■ TRY IT
When you reach the line that contains "FLYING DUCKS FOR SALE" in the data below, start reproducing lines exactly, and stop after the line that contains "Aeonium glutinosum Habitus".

■ EXTRACTED ENTRIES

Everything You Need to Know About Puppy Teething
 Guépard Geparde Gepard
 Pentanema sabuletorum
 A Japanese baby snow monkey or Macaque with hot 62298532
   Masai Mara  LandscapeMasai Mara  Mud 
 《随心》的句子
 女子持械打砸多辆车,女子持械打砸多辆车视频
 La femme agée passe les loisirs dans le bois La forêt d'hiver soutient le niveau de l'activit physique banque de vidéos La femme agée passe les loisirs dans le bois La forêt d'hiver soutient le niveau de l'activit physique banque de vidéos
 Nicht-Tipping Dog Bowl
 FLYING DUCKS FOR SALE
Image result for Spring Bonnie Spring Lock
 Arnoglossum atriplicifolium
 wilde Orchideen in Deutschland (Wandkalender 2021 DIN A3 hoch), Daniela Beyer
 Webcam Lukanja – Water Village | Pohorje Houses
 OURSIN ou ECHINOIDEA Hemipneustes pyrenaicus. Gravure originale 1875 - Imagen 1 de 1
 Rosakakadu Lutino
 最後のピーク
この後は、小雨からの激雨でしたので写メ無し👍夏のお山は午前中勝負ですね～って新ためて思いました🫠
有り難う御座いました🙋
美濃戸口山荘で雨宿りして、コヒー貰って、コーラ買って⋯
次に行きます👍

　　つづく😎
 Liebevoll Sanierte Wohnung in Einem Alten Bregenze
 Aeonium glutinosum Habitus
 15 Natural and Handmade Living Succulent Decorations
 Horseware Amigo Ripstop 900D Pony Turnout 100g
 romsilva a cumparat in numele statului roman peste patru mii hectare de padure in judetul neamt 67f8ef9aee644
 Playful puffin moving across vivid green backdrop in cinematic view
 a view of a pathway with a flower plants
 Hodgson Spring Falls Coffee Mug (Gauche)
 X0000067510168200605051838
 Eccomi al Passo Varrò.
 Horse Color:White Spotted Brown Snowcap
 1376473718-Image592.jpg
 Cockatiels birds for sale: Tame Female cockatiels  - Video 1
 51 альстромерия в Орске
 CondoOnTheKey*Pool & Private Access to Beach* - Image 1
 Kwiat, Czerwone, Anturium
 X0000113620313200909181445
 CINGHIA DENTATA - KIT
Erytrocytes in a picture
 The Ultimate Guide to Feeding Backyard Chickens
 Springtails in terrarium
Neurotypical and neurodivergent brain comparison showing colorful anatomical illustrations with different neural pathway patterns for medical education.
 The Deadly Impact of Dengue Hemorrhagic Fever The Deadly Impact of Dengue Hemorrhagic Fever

■ ANSWER SPACE
 FLYING DUCKS FOR SALE
Image result for Spring Bonnie Spring Lock
 Arnoglossum atriplicifolium
 wilde Orchideen in Deutschland (Wandkalender 2021 DIN A3 hoch), Daniela Beyer
 Webcam Lukanja – Water Village | Pohorje Houses
 OURSIN ou ECHINOIDEA Hemipneustes pyrenaicus. Gravure originale 1875 - Imagen 1 de 1
 Rosakakadu Lutino
 最後のピーク
この後は、小雨からの激雨でしたので写メ無し👍夏のお山は午前中勝負ですね～って新ためて思いました🫠
有り難う御座いました🙋
美濃戸口山荘で雨宿りして、コヒー貰って、コーラ買って⋯
次に行きます👍

　　つづく😎
 Liebevoll Sanierte Wohnung in Einem Alten Bregenze
 Aeonium glutinosum Habitus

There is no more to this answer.